Maliye Bakanı olduğu dönemde adı sürekli bir şekilde iddialarla yıpranan, hükümette görev aldığı takdirde Ercan Havaalanı’nın Sözleşmesini iptal edeceğinin sözünü veren, her suçlama sonrasında “yasal ama etik değil” bahanesinin arkasına saklanan Serdar Denktaş’ın, görev aldığı süre boyunca attığı imzalar, yaptığı anlaşmalar ve ortaya koyduğu yanlış icraatlar devleti zarar ettirmeye devam ediyor.

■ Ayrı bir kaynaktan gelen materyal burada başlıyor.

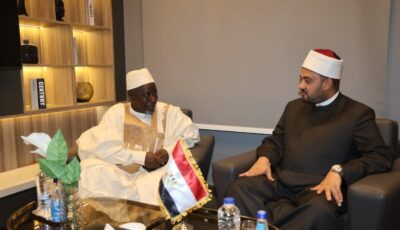 أمين عام «الأعلى للشئون الإسلامية» يبحث تعزيز سبل التعاون مع رئيس مجلس الإفتاء الكاميروني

Ercan Havaalanı’nda, “uçuş güvenliğini tehdit ediyor” diye yıkılıp, başka bir yere yeniden inşa edilmesine karar verilen İstanbul Havayolları’na ait hangar için yetkililer 2014 yılında, 2 milyon 272 bin TL’lik bedel belirliyor ancak bu bedel  2019’da 88 milyon 298 bin TL’ye çıkıyor.

Serdar Denktaş’ın da imzasının bulunduğu anlaşmanın yarattığı bu krizin bedeli tam 88 milyon 298 bin TL!

2014 yılında Planlama İnşaat Dairesi mimar ve mühendisinin belirlediği 2 milyon 272 bin TL, yaklaşık 5 yıl sonra 4 bin kat yükselip 88 milyon 298 bin TL oluyor!

Süreç içerisinde atılan yanlış adımlar sonucunda ve günümüzde de gerekli denetimin yapılamaması yüzünden devlet 4 bin kat zarara uğratılıyor.

5 yıl boyunca başta Serdar Denktaş olmak üzere yetkililer, sıradan bir hangarın, tam teşekküllü lüks bir binaya dönüştüğünü fark edemediler veya etmek istemediler. Sırf bu nedenle de devleti 86 milyon TL zarara uğrattılar.

Vatandaşın en çok sorduğu soru, “bu devlet bu kadar zengin mi?”

Okul, hastane ve vatandaşın daha birçok ihtiyacını karşılayamayan bu devletin parasını sokağa atmaya çalışmaları rüşvet iddialarını da gündeme getiriyor.

Mevcut hükümet bu konuda gerekli önlemlerin alındığını ve bu paranın ödenmeyeceğini açıklamasına rağmen yapılan hatalar sonucu belirsizlik devam ediyor.